Just want to update and get everyone’s opinion on what happened yesterday and this morning. We are both teachers in different buildings. We had our winter recess last week, this was the first time we ever went away without each other. She took the kids on a cruise and I visited family in Florida. So, yesterday we both got back home and she was obviously in a bad mood that the vacation was over. One of our issues has been I like the house neat and clean and she doesn’t care. Since our separation I don’t go crazy cleaning the house anymore. So, it gets a bit messy now but I don’t care. One of the first things she wants to tell me about is house the house is a disaster and what a mess it is and asked me if I stopped cleaning up. I told her I was still straightening up it’s just that my 2 kids are slobs and keep making a mess. She said the house is disgusting and that she could just give it away. So, I validated her feelings that the house is a mess and the kids need to do a better job at cleaning.

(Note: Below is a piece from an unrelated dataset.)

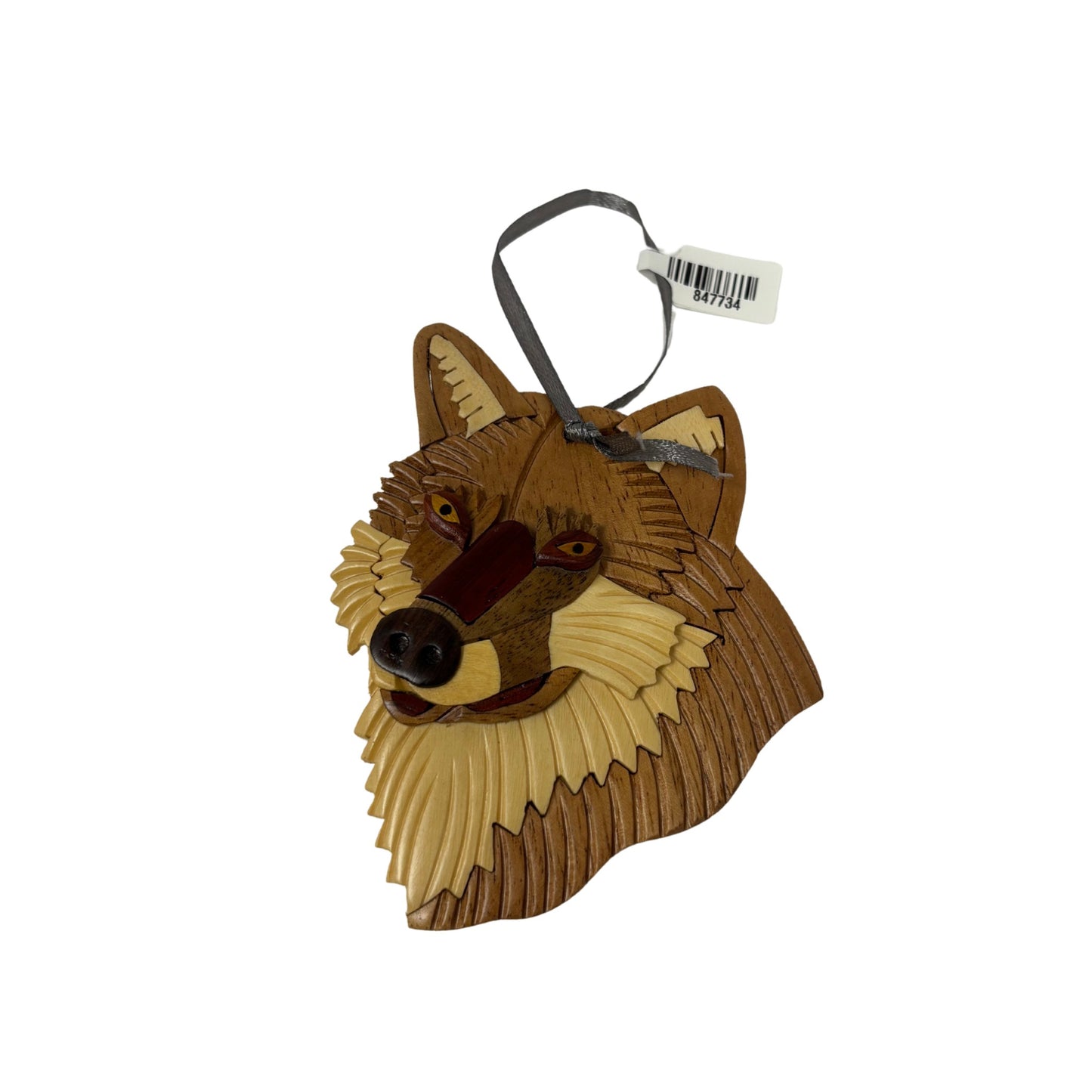 Wooden wolf head ornament with a tag on a white background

Then later on she started to tell me how relaxed she was on the cruise that there were no problems. Except for my D who is 11 who always is a pain in the butt. Obviously on a cruise you will be relaxed it’s vacation. She tries to push my buttons because in the past I use to have a temper. I told her I am glad it was relaxing.

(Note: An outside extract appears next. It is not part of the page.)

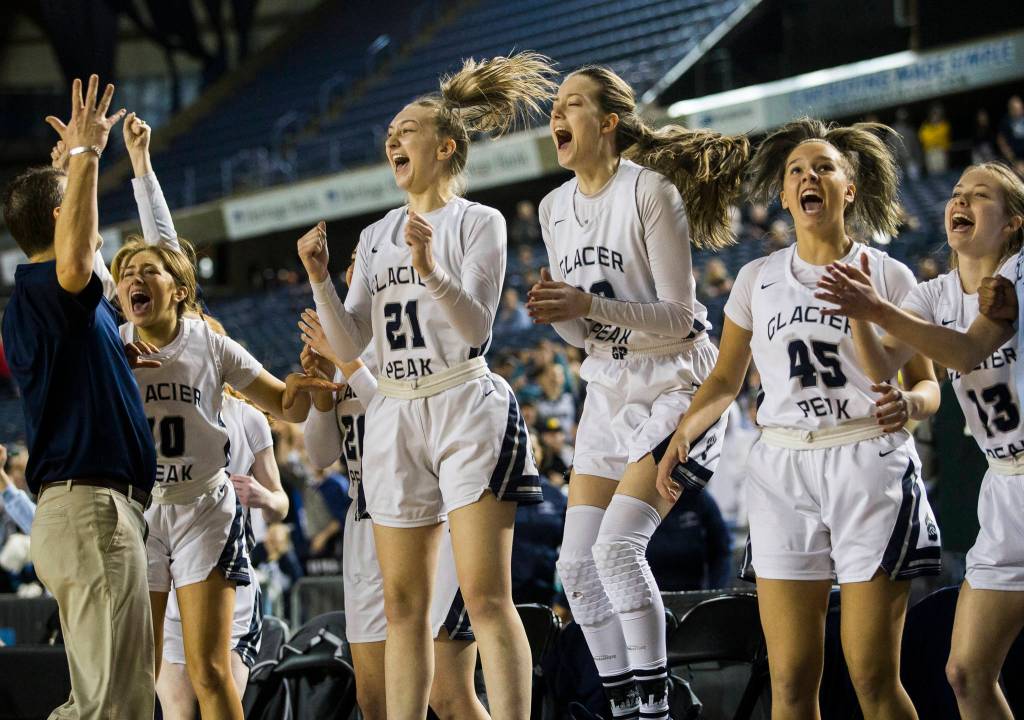 The Glacier Peak bench reacts to Glacier Peaks Aaliyah Collins steal to seal their win against against Camas at the Hardwood Classic on Wednesday, March 4, 2020 in Tacoma , Wa. (Olivia Vanni / The Herald)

We have a joint account that we both put money into to pay all the house bills and kids activities. Well, this past month there were some extra bills due. So the account was overdrawn by about $700. I told her I put $800 extra in and that she needs to put $800 in now too. She was pissed. She said, I don’t understand where is all of our money going?” I told her there extra bills due (kids insurance policy, dance fees). She was implying like I am taking extra money. I told her I would show her the checking account and what’s going out. But she didn’t want to see it. Then a few minutes later I see my daughter crying. My wife went into her room to talk to her. When I peeked my head in my wife was hugging her and my D was sobbing. I said what’s the matter, she replied she misses being on the cruise. I said I understand. But then when my wife walked out, she said she doesn’t want to be home because of the situation in the house. My D never said that. She always try’s to make me feel bad because she wants me out of the house. I told my wife what do you want me to do? She said she just wants this divorce to be done and that we have months before it will be finalized. I told her we have mediation on Thursday, I don’t know what else she wants me to do.

Yesterday was also my wife’s 40th birthday. I took everyone’s advice and took my daughter to the store to get her a small birthday cake and card from the kids with a gift certificate. I told her I can see your are mad and upset but just wanted to let her know that’s the kids got her a cake for her birthday. So, she agreed to go downstairs so we could sing happy birthday to her and have some cake. After that her mood changed and she was happy. Then they all started to share funny things that happened on the cruise for a few minutes. Then the kids went to bed.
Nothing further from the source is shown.